If I could live my life over again, I think I would want this person’s job.
With millions of Americans obsessively tracing their roots, Ms. [Maureen] Taylor has emerged as the nation’s foremost historical photo detective. During a recent meeting of the Maine Genealogical Society, attendees lined up a dozen deep as she handled their images with a cotton glove and peered at the details through a photographer’s loupe. One man offered a portrait photo and asked if it could be of his great grandmother, who died in 1890. "It’s not," Ms. Taylor said after about 15 seconds; she’d dated the hairstyle and billowy blouse to the early 20th century. When another attendee asked why her great-great-grandfather was wearing small hoops in his ears in a portrait, Ms. Taylor explained, "He was in the maritime trade."
Ms. Taylor, who charges $60 an hour, has learned to spot details that reveal not only a photo’s period, but the story behind it. A broom at the feet of a couple in a mid-19th-century portrait, for instance, often marks it as a wedding picture.
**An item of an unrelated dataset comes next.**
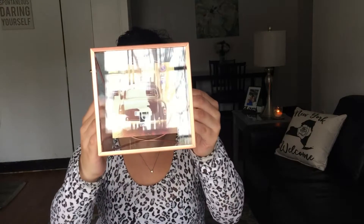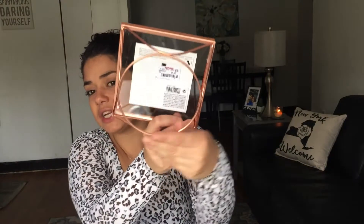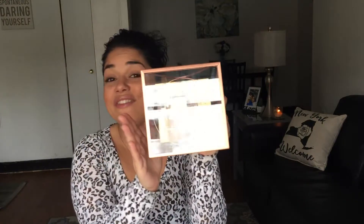My husband's cousin just got engaged about a week ago — she got engaged in Jamaica while on vacation — and they're having an engagement party next weekend. I wanted to put together a cute little gift basket. I found this beautiful rose gold frame for $5.99, compare price $9. Look how pretty the back is — I wish I had something rose gold in my house.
A photograph of a baby in a carriage from the 1860s might not be a birth announcement, but a death card; in that period of high infant mortality, dead infants were commonly photographed in carriages. A 19th-century woman with unusually short hair may have had scarlet fever, because it was common to shave a victim’s head.
It’s kind of like forensic work, with old photographs and a knowledge of cultural history.